Scientists

OLIPHANT , MARCUS LAURENCE ELWIN

(1901–) Australian physicist
Born in Adelaide, Oliphant was educated at the university there and at Cambridge University, England, where he obtained his PhD in 1929. He then worked at the Cavendish Laboratory in Cambridge before being appointed (1937) to the Poynting Professorship of Physics at Birmingham University. Oliphant returned to Australia in 1950 and held research chairs at the Australian National University, Canberra, until his retirement in 1967.

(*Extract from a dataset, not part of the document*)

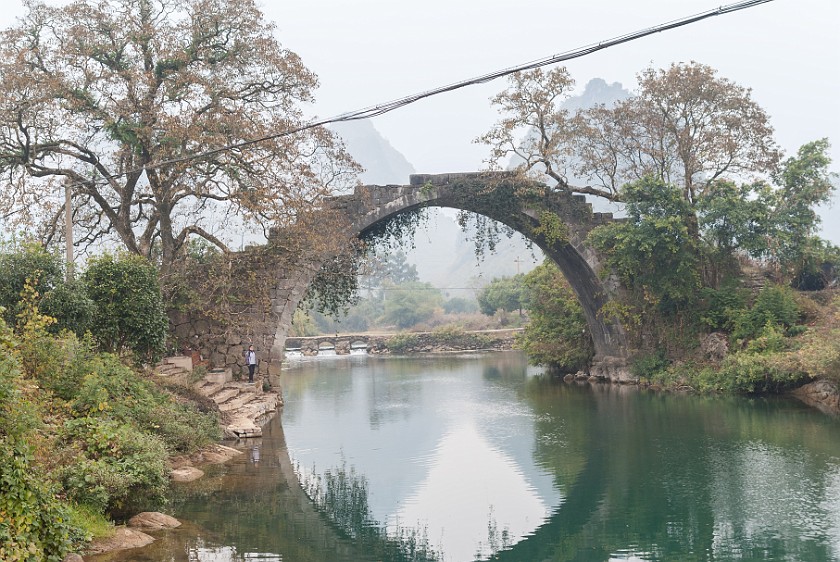 Bicycle Tour Along the Yùlóng Hé River. Fuli bridge. Yángshuò. .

Hydrogen, the simplest of all atoms, normally has a nucleus of a single proton, but in 1932 Harold Urey had discovered a heavier form that he called deuterium, with a nucleus consisting of a proton and a neutron. The enlarged nucleus became known as the deuteron. In 1934 Oliphant and his collaborator Paul Harteck produced an even heavier form of hydrogen by bombarding deuterium with deuterons. This new isotope has a nucleus consisting of one proton and two neutrons (hydrogen–3). They named it ‘tritium’ and called the nucleus a ‘triton’. The isotope is radioactive with a half-life of 12.4 years and for this reason is not found in significant amounts in nature.
During World War II Oliphant did important work on the development of radar. It was in his laboratory that two German refugees, Rudolf Peierls and Otto Frisch, made some of the vital calculations and experiments that revealed the real possibility of an atomic bomb.